I study Isshin Ryu, if that's the style you mean.  It is an Okinawan karate style that is quite popular in some parts of the world.  Known primarily for its vertical punch (non-corkscrew) and snapping kicks.  Anything else you would like to know?


----------



## Korppi76 (May 7, 2009)

Some clubs:
http://www.ishinryu.com/dojo_harrow.shtmlhttp://www.ishinryu.com/index.html
Try club search. I don't know enough London to say which is closest or easiest to get to.


----------



## fightingpower (May 7, 2009)

the one near me is a Jujitsu club and spelt Ishin.  The instructor is Sempai Kevin Pell.  Although i have seen the Karate school in UK with same name when I searched the web.  

Strange,

what is the relation do you think?

It says that he trained in Japan and also has a Judo background on his bio!


----------



## Korppi76 (May 7, 2009)

Bill Mattocks said:


> I study Isshin Ryu, if that's the style you mean.  It is an Okinawan karate style that is quite popular in some parts of the world.  Known primarily for its vertical punch (non-corkscrew) and snapping kicks.  Anything else you would like to know?

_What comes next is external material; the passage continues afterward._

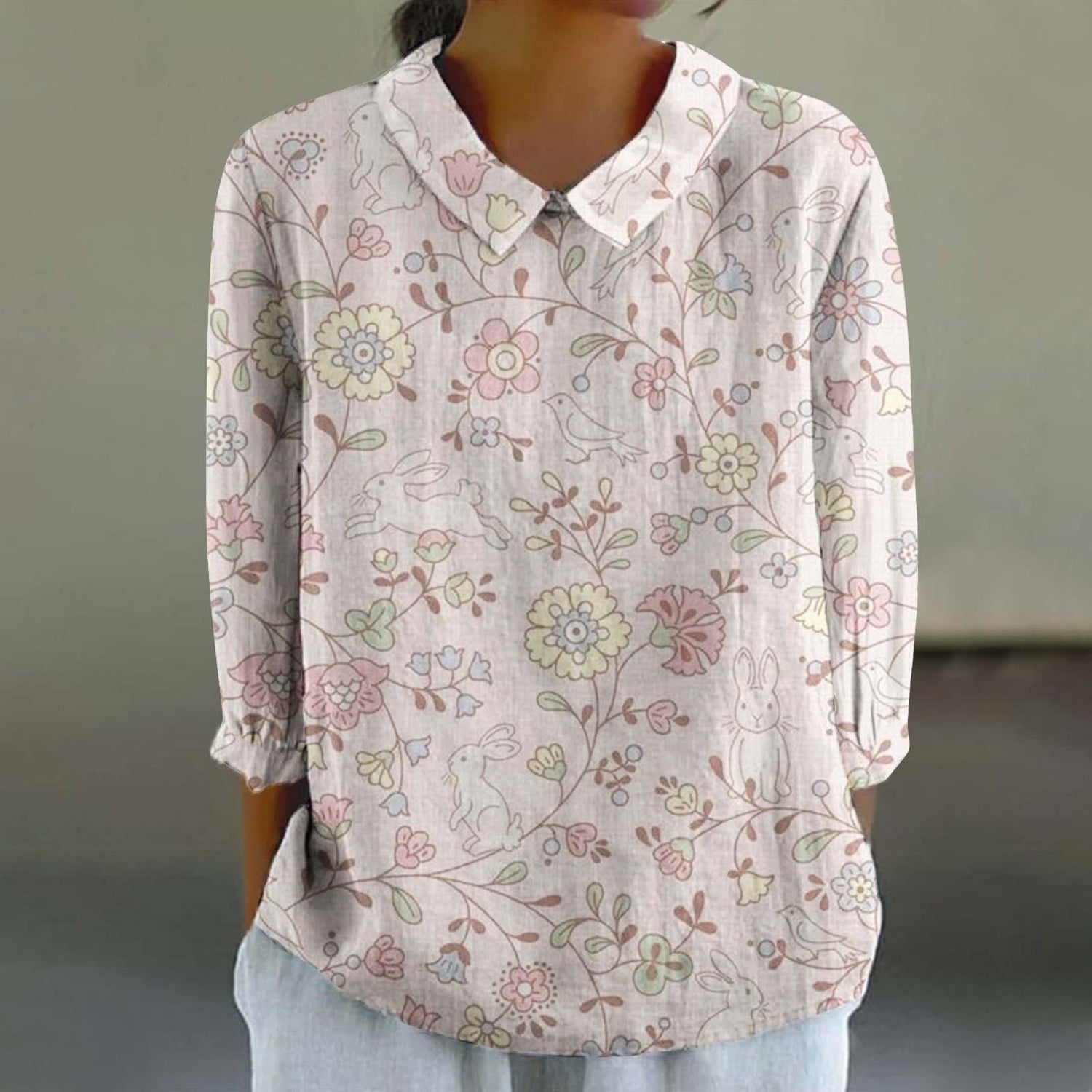 Creative Retro Chinese Style Floral Print Shirt Limorista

I think he meant Ishin ryu jujutsu. But are those arts related?
Like Kokondo ja Jukido jujutsu?


----------



## Bill Mattocks (May 7, 2009)

Hmmm, it would appear that there is no connection with Isshin Ryu.  From their web page:



> This no nonsense style of Ju-Jitsu is the culmination of over 40 years of martial arts experience and cross-training by Pell Hanshi    in the arts of Ju-Jitsu, Shorinji-Kempo, Judo, Kung Fu, Kickboxing, Iaido and Kyokushinkai Karate. Ishin Ryu Ju-Jitsu is   a modern and constantly evolving martial art, yet the system proudly embraces the best of its Japanese heritage and   traditions.



In Japanese,  "Isshin" means 'One Heart', so that may be why they are using the name, but it seems to have little to no connection with my style of karate.  Sorry for butting in.


----------



## fightingpower (May 7, 2009)

Don't apologise I am a bit of a sad enthusiast and therefore relish the opportunity to learn about new styles!

Why not tell us a bit about your Isshinryu?


----------



## VegasM4 (May 7, 2009)

I studied Isshin Ryu under Master Angi Uezu when I was stationed in Okinawa, Japan.It's a great system.


----------



## fightingpower (May 8, 2009)

Cool!   What was the training like out there?  I dream of training in Japan at some point.  Would like to visit the Kodokan Judo headquarters and get smashed about lol.  If I can start training in Shotokan then maybe do some Karate out there too..

Any opinions on what it was like there?

How does it vary from training in the west?


----------



## Bill Mattocks (May 8, 2009)

VegasM4 said:


> I studied Isshin Ryu under Master Angi Uezu when I was stationed in Okinawa, Japan.It's a great system.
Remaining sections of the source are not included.